Monday, September 2, 2013

Resident Tourist

Shirt: Buffalo Exchange
Skirt: Betsy Johnson via Goodwill
Tights: welovecolors
Shoes: Forever21

Today was my first day of classes! When I woke up this morning, my roof was exploding with a howling rain storm that made me afraid for my prospects of possibly getting to class; I didn't think I had any kroner waiting in my wallet for a bus ride. I just went back to sleep and, when I woke up to leave, it was a perfectly beautiful day-- probably the best of the weekend. Oh, Denmark. I started having brunch with a few friends and then went to Literary Texts and Theory (see, an English major CAN make it by in Denmark) which I kind of sort of slept through.

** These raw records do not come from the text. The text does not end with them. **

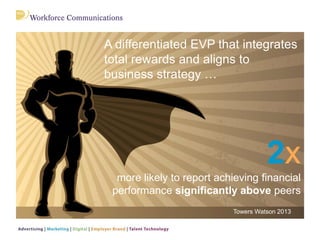A differentiated EVP that integrates
total rewards and aligns to
business strategy …
2x
more likely to report achieving financial
performance significantly above peers
Towers Watson 2013
 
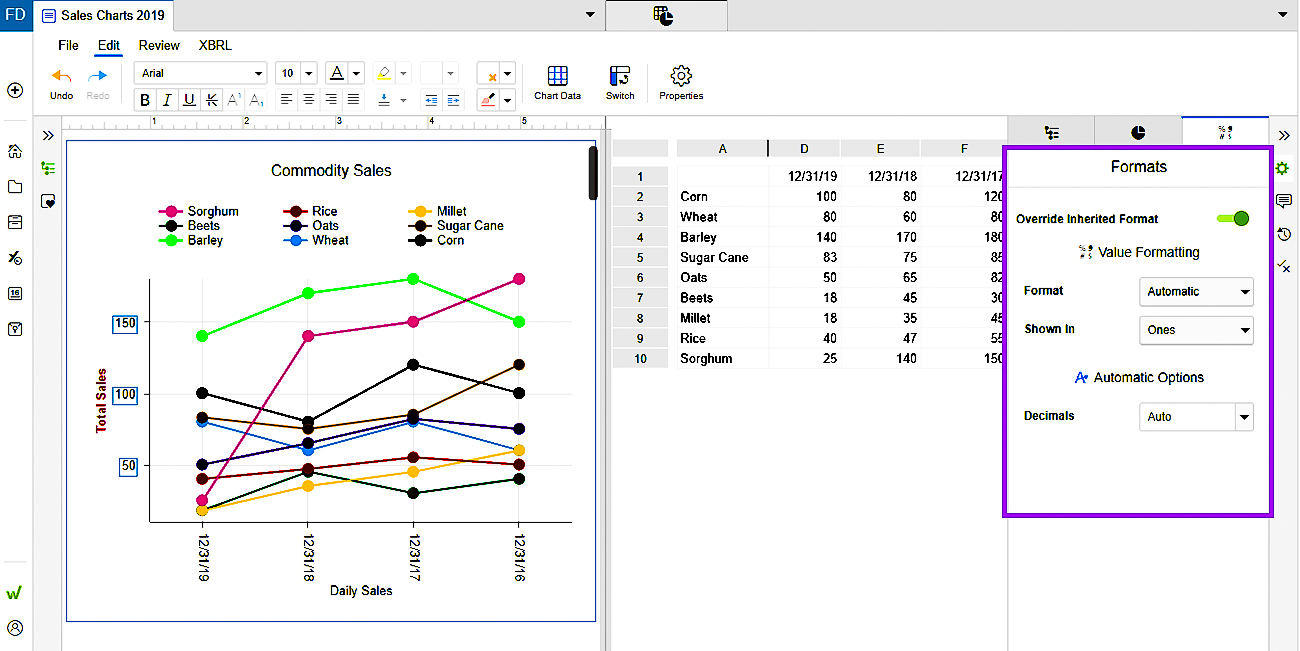 prefisso e altre opzioni per le etichette dei grafici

One thing I did catch: it is very strange to hear America referred to in the third person, something that American History, Culture, and Society will surely numb me to. My second class of the day, The Language of Poetry, I almost completely missed because the professor decided on a whim to start an hour early. Since I've been home, the most I've accomplished is making my international phone work (huzzah adulthood!) and making a collage from a Danish music magazine.
(While cutting this magazine out, I discovered two really good Scandinavian bands: Nelson Can and Agnes Obel.)

This weekend was considerably more exciting, however. Yesterday, a midst the windiest weather I have experienced in all my days, save maybe the plains of Texas, my exchange program and I toured the west coast of Denmark. First, we visited Løkken, a small town with an ancient cemetery being eaten by the sea. Nearly all the houses were for sale or simply abandoned. 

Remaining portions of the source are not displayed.